Advanced Python 6 | String Methods, Unicode, and Formatting

Series: Advanced Python

Advanced Python 6 | String Methods, Unicode, and Formatting

  1. String Methods

(1) String Methods

Note that because all the strings are immutable, so the methods of string can not be an in-place function. Actually, these methods just return the values of the result.
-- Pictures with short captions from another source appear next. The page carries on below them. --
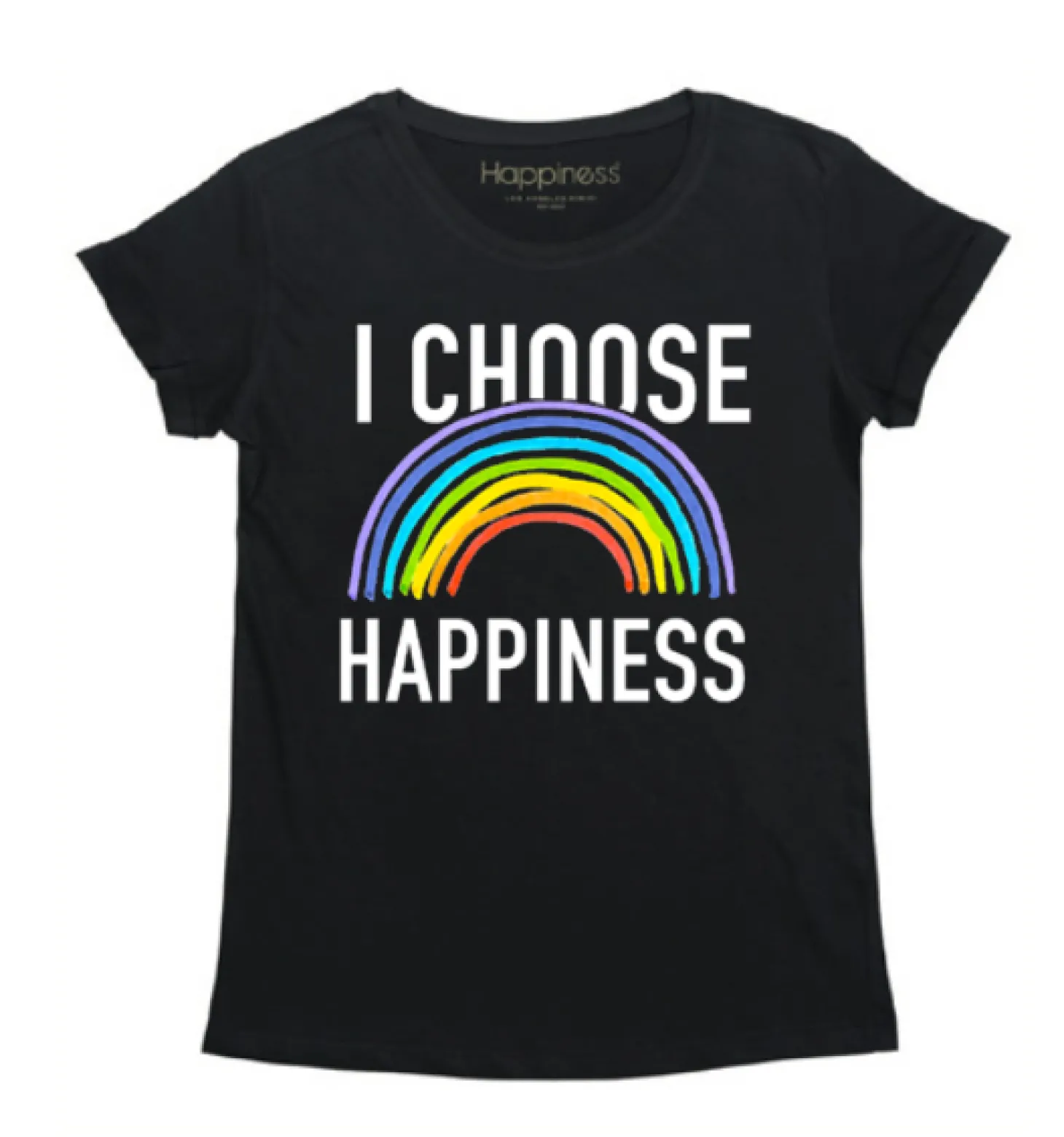 tshirt_bimba__choose_rain_0.webp T-Shirt Bimba - Choose Rainbow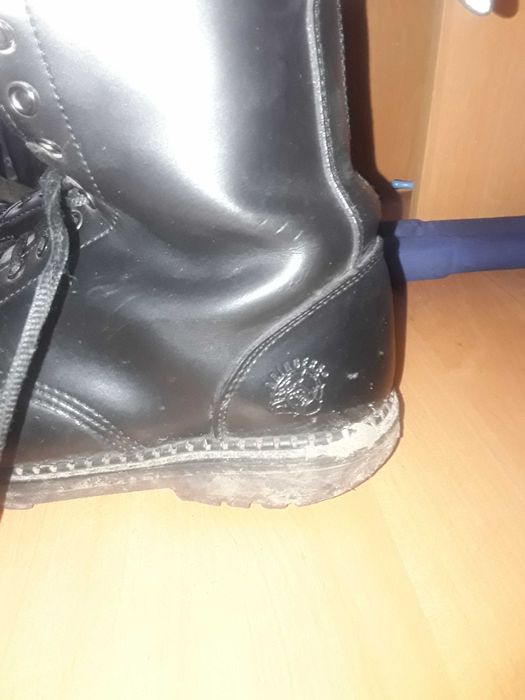 Ботинки Гриндерс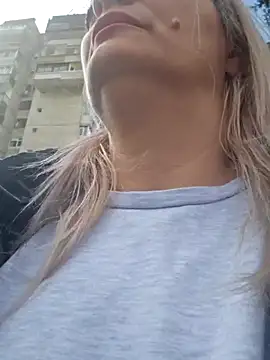 LadyTouch's Webcam Show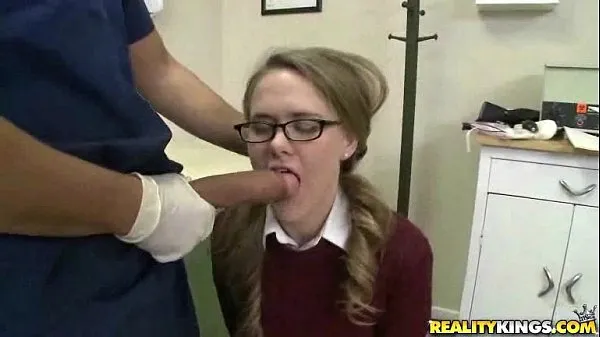 Hot Oral Exam -Watch full video at cool Videos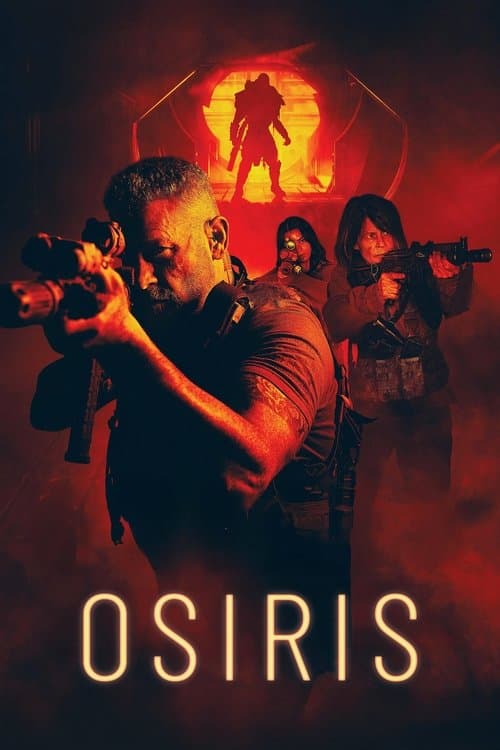 Poster for Osiris
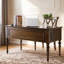 Bureau en bois massif de style américain-974386482-974386491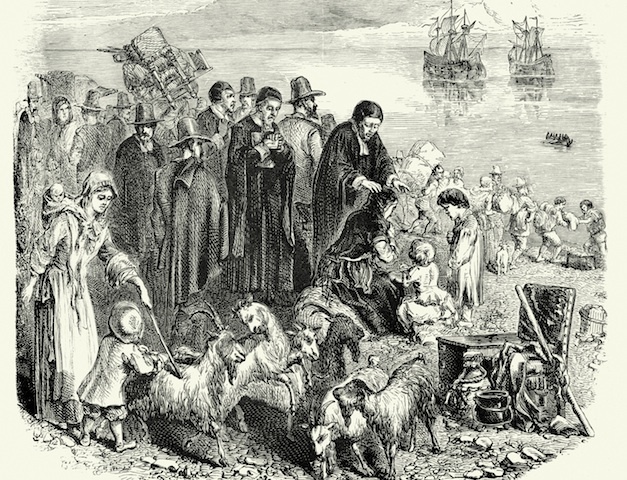 The men sent were killed by natives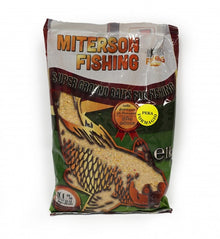 Groundbait Miterson Fishing River Formagio - 1kg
The methods are:

['capitalize',
'casefold',
'center',
'count',
'encode',
'endswith',
'expandtabs',
'find',
'format',
'format_map',
'index',
'isalnum',
'isalpha',
'isascii',
'isdecimal',
'isdigit',
'isidentifier',
'islower',
'isnumeric',
'isprintable',
'isspace',
'istitle',
'isupper',
'join',
'ljust',
'lower',
'lstrip',
'maketrans',
'partition',
'replace',
'rfind',
'rindex',
'rjust',
'rpartition',
'rsplit',
'rstrip',
'split',
'splitlines',
'startswith',
'strip',
'swapcase',
'title',
'translate',
'upper',
'zfill']
  • count the number of a char or a string in a string
string.count('a')   # count a char 
string.count('ab') # count a string
  • change all the chars in a string to its lower case
string.lower()
  • change all the chars in a string to its upper case
string.upper()
  • capitalize the first letter in a string
string.capitalize()
  • capitalize every first letter in a string (start after every , and space) (ignore any number)
string.title()      # i.e. hH, ma5, 123 to Hh, Ma5, 123
  • replace a string with another
string.replace("", "?")  # add question marks between/above per char
string.replace("!", "?") # replace ! with ?
string.replace("!", "") # delete all the ! in the string
  • split a string by its space (it will treat several continuous spaces to one space)
string.split()
  • split a string by a given char (and delete it) and return a list (return the string in the list if the given char/string not exists)
string.split('e')

Note that if we split by a continuous char in the string, we will get empty strings in the result.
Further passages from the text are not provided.